That is the reason why Doxygen doesn't support any dynamic languages.

Given the choice between a whiz-bang documentation system and some
facilities for metaprogramming like this, I'm going to choose
metaprogramming.  YMMV.

> > However such systems fall into two general categories.
> > The first are clear improvements that you take for granted
> > and use as a base for your expectations and desires.
> > (Consider the lowly FAQ.)
>
> You say that like it's a bad thing (:-).

No, it is not a bad thing.  I'm just addressing the fact that other
people have produced bettter documentation systems in the past.

> > The second are ones that solve problems that someone else
> > thought was important, but you don't.
>
> I don't understand this; please explain.

Here is an example.  TeX solves the problem of how to precisely define
documents (where "precisely" means "down to the wavelength of visible
light") in a format that will remain stable and useable for long
enough to be useful for archival purposes.  (A TeX document written 20
years ago still defines the exact same document today.  How many other
formats can boast that?)  This is a much better documentation system
for those purposes than any that came out before or since.

These goals are not critical for you.  So you don't see TeX as being
massively better than, say, Microsoft Word or PostScript.

> > I'd find this vision far more plausible if you had some
> > clearly laid out use cases ...
>
> Good question.  Let's assume that our user is a developer
> who is diving into an unfamiliar body of code, possibly to
> debug it, make changes, or perform system integration.

Been there.  Done that.

> As noted above, documentation generators integrate text and
> data, presenting a combination of overview material, detailed
> information, relationship diagrams, etc.  This can be quite
> useful in the situations described above.

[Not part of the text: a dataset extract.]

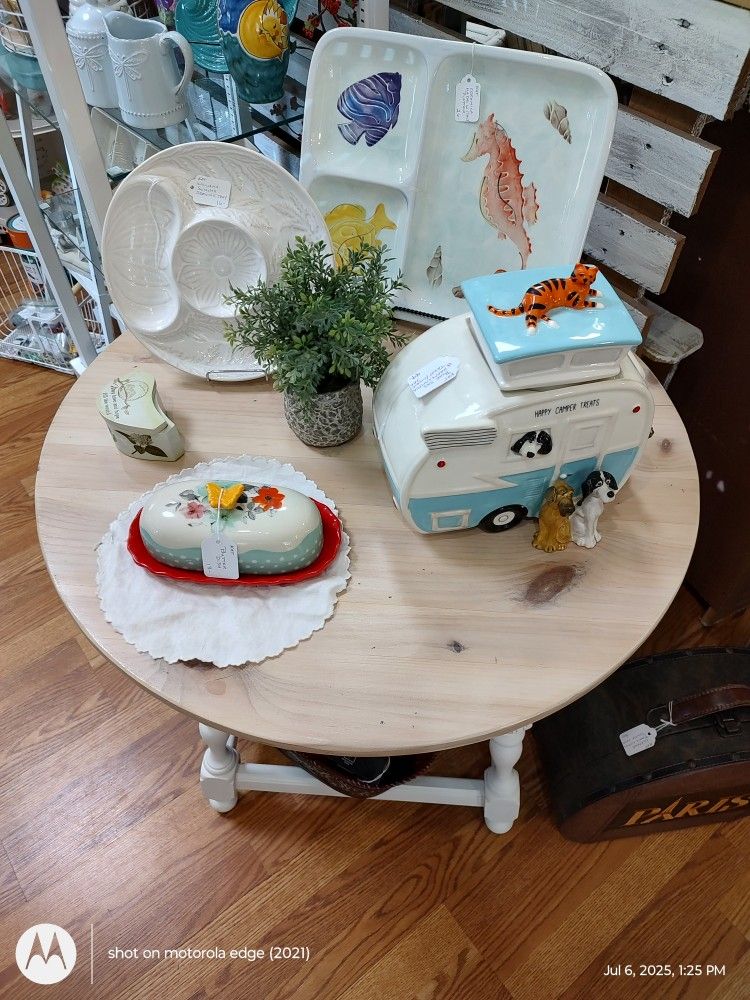 Vintage Ethan Allen Side Table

And I found that what I need to know when I first started on the code
is very different than what I need to know when I have some experience
with it.

> However, existing documentation generators are quite limited.
> They only deal with the kinds of entities and relationships
> that can be found in the source code.  So, for example, they
> ignore topics such as access control, bug reports, data flow,
> test results, etc.  They also ignore existing documentation,
> such as man pages.  As a result, they cannot support browsing
> over the full range of topics that a developer might desire.

It seems to me that every tool you're talking about adding has to be
aware of the documentation system and vice versa.  A prime
consideration is going to have to be how to make it possible to plugin
additional functionality.

> Another use case might involve a system administrator who is
> trying to resolve a configuration problem.  S/he has little or
> no interest in the source code, but access control and data
> flow may be quite relevant.  So, it should be easy to find out
> which files are part of a subsystem, which files are typically
> accessed (in what manner) by which programs and users, etc.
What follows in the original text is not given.